* [TASK OBJECTIVE] Exclude the pictures and repeat all of the data exactly.

* [DATASET SECTION]

------------------------

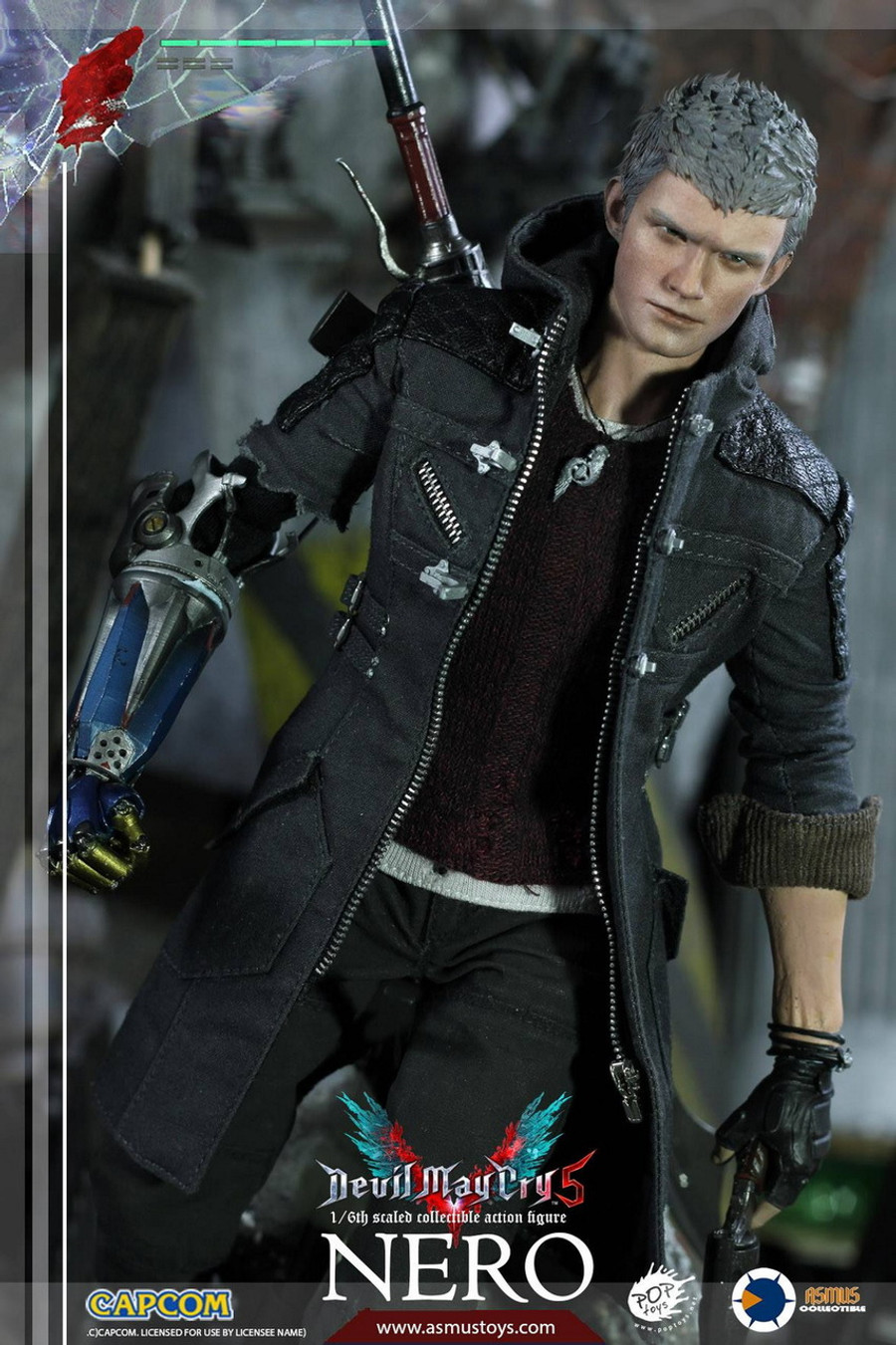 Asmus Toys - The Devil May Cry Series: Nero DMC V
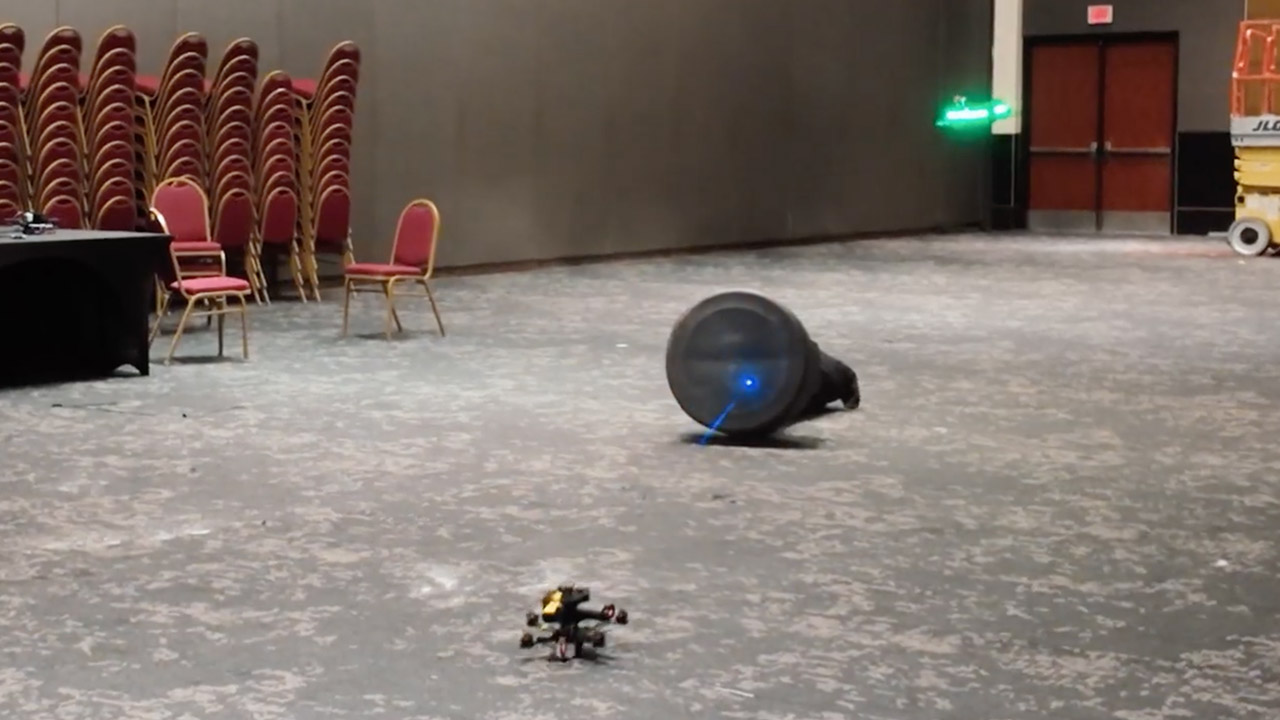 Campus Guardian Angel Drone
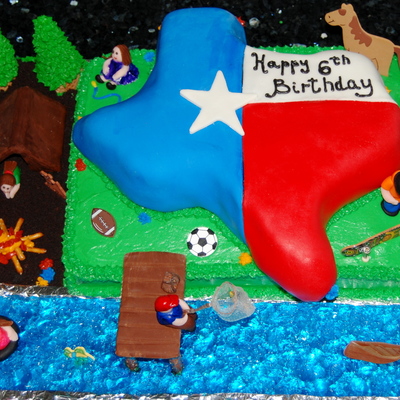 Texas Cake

------------------------

* [EXPECTED ANSWER]
 Asmus Toys - The Devil May Cry Series: Nero DMC V
 Campus Guardian Angel Drone
 Texas Cake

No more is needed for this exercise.